Prison officials ordered to turn over records on Marathon bombing suspect Dzhokhar Tsarnaev
The Lowell Sun and Robin Young/AP
A federal magistrate judge has approved a request by Boston Marathon bombing suspect Dzhokhar Tsarnaev to have prison officials provide his lawyers with records related to his incarceration, including daily activity and suicide watch logs, psychology data files, photographs, commissary files, and any other records.
However, US Magistrate Judge Marianne B. Bowler rejected a defense request to have the US Bureau of Prisons keep that information from prosecutors without a court order or the defense lawyers’ consent.
The request had been made in a secret filing with the court. Bowler made the request public Monday after finding there was no reason to keep it confidential.
On Friday, the judge similarly made public a defense request for periodic photos of Tsarnaev, to show his condition and whether it improves, in what could be an attempt to show that the 19-year-old was in poor health when he reportedly gave statements claiming responsibility for the bombings, which killed three people and injured more than 260.

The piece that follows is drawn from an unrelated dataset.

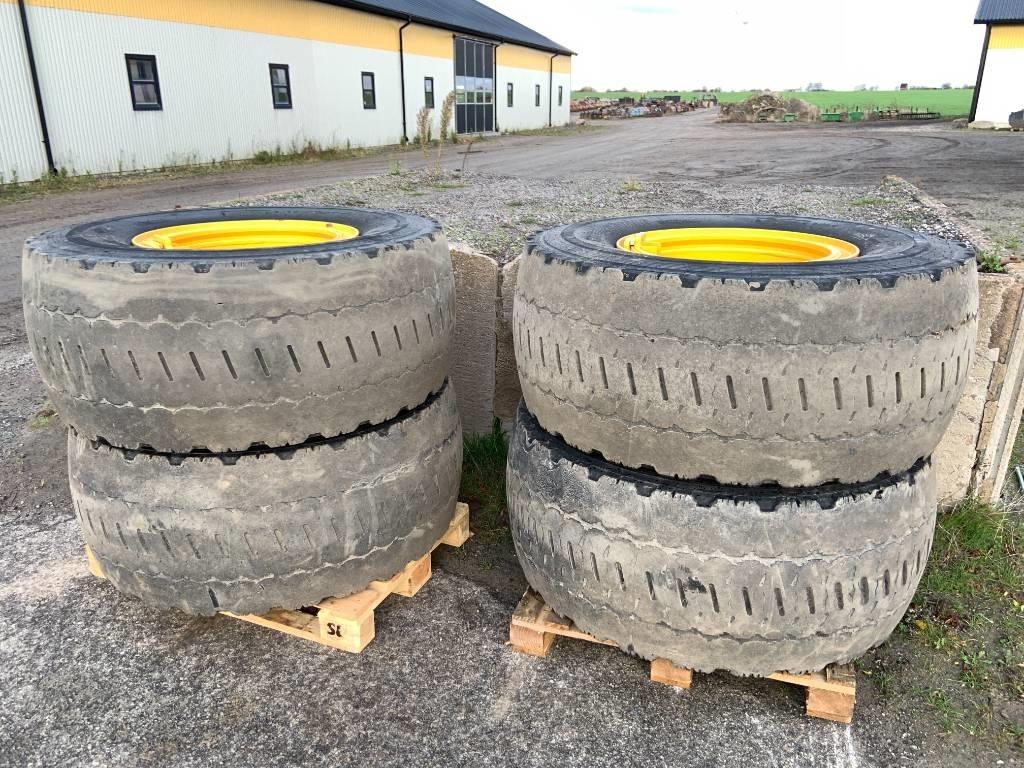 Bridgestone 4 st beg 600 breda däck m fälg till Volvo L90H Däck, hjul och fälgar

The request could be used as evidence in an effort to have the statement suppressed. Legal observers also said the photos could be used to argue against the death penalty.
Tsarnaev is being held at a federal prison medical facility in Fort Devens. He could face the death penalty for the bombings.
Tsarnaev, 19, is facing charges of using a weapon of mass destruction and malicious destruction of property resulting in death in the bombings. His brother, Tamerlan, 26, the other suspect in the bombings, was killed in a confrontation with police several days later when he was shot by police and run over by his younger brother.